Fue hacia 1939, finalizada ya la guerra, aunque no sé precisar el mes, cuando enviaron a mi abuelo (ferroviario) a trabajar a San Juan de Nieva. Mi padre contaba que fue una especie de destierro político, pero ya no puedo indagar en esa historia, los protagonistas me han ido abandonando.

Con el tiempo nací yo, en una familia de ferroviarios (mi padre también lo fue).

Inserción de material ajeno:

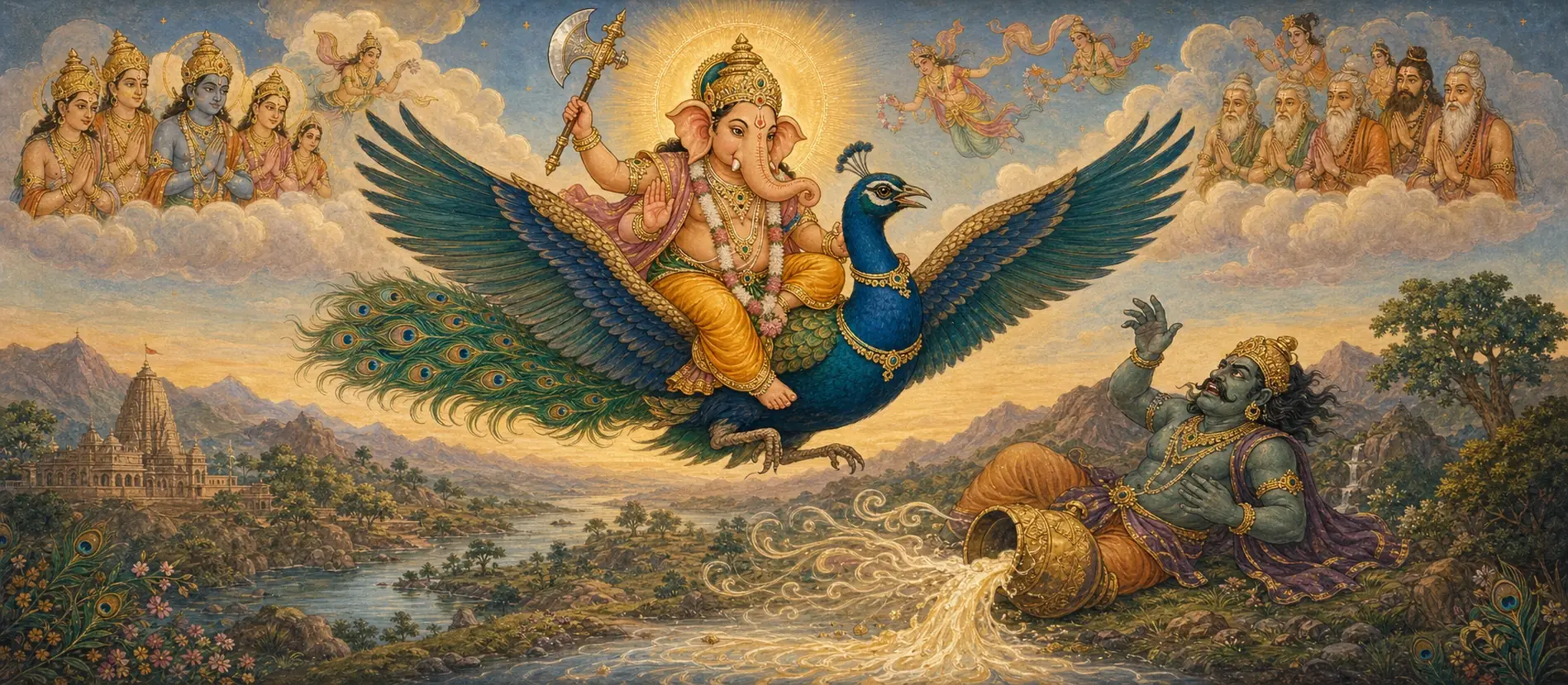 Ganesh riding a great peacock into battle, axe raised, as the demon Sindhu recoils below with his vessel of amrita spilling open, deities watching from the clouds on either side.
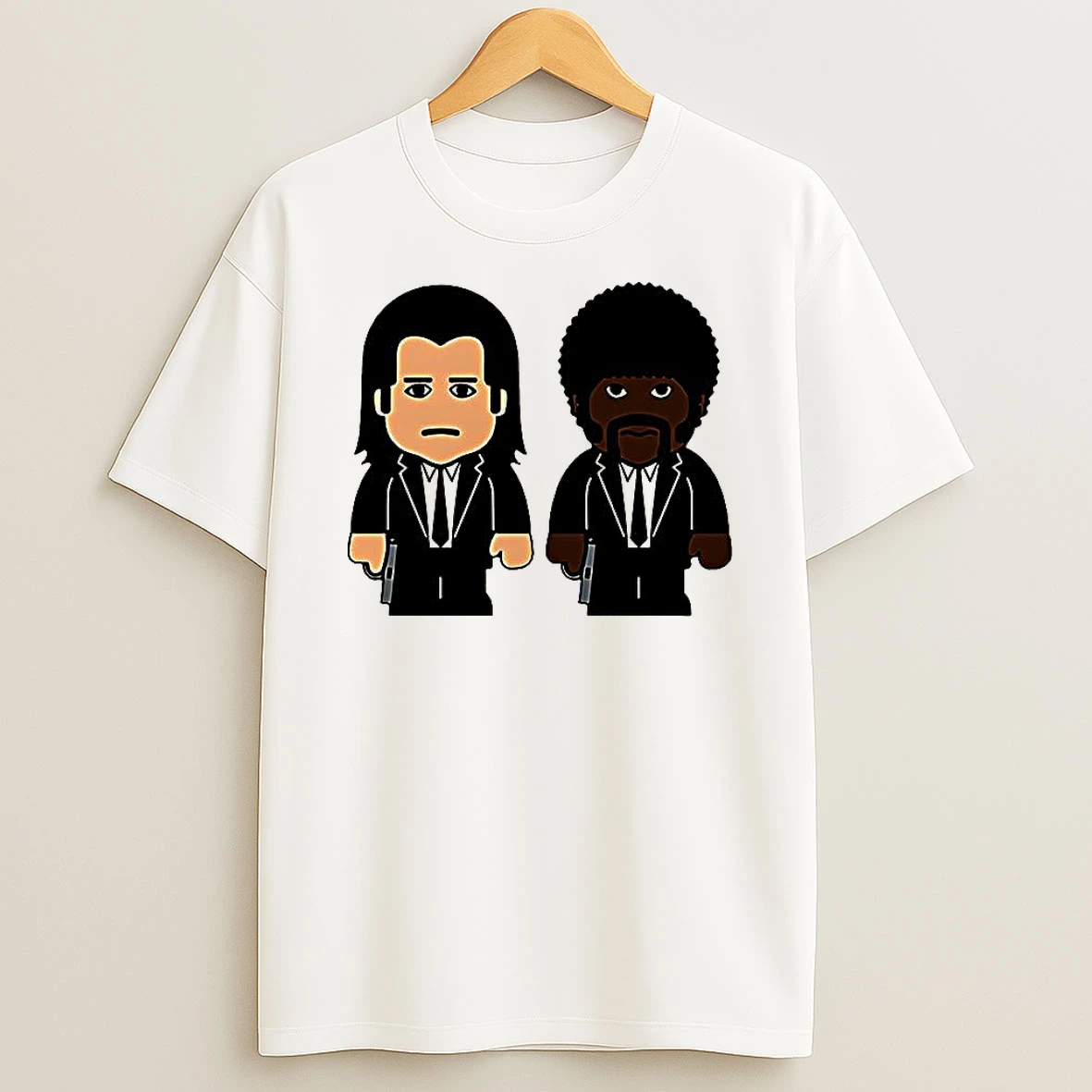 Samuel L Jackson Wearing Pulp Fiction Jules Winnfield And Vincent Vega Cartoon T Shirt
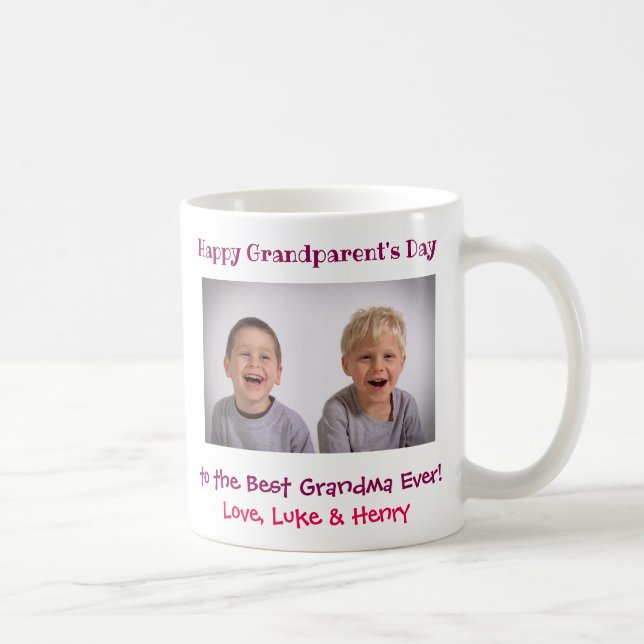 Happy Großeltern Tag Bestes Großmutter-Foto Kaffeetasse (Rechts)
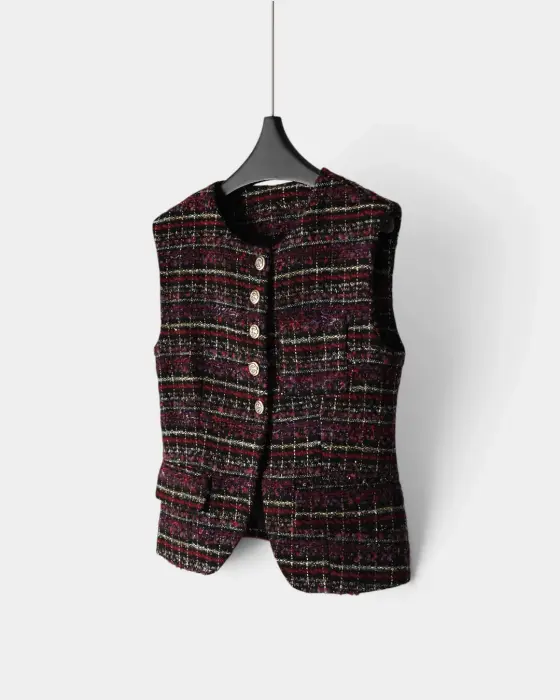Tweed Vest with Gold Buttons image 5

O quizá debo decir en «dos familias de ferroviarios»: la personal, la de casa, y la gran familia de todos los que subíamos al tren con «kilométrico» (quienes lo hayan vivido saben de qué hablo).

El tren era entonces para mí algo tan propio como las escaleras o el portal de mi edificio. Mío y de otros, por supuesto, pero también mío. La estación de Avilés, la de San Juan de Nieva, las vías, las traviesas, la catenaria eran todas ellas parte de mi entorno, aunque no viviera cerca de ninguna de ellas.

Pero que esto no lleve a engaños, no le tengo ningún aprecio al trazado original de las vías, las prefiero ocultas a su paso por la ciudad. Sin embargo, sí siento una gran pena al ver en lo que se ha convertido San Juan de Nieva, un basurero justificado por «el progreso». Otro desmán más, achacable sólo a la cortísima visión de futuro que parece sufrimos los avilesinos. Quizás encontremos con el tiempo la cura para este trastorno endémico, quién sabe.

Me preguntaban una vez por qué cuando escribo sobre el tren siempre va unido a sentimientos tristes. Lo cierto es que hasta entonces no me había dado cuenta de que era así, el tren para mí representaba viajes, ocio, alegría, incluso si sólo lo veía pasar cargado de personas con un destino, o cuando contaba los vagones de mercancías, convoyes larguísimos siempre, cuyo número olvidaba inmediatamente después de haberlo hecho. Supongo que será porque ahora estoy más sola en ese recuento y porque la vía, aunque parezca quieta y siempre la misma, es engañosa como los ríos y discurre, sin que nos demos cuenta, alejándonos del pasado y de lo que creíamos poseer.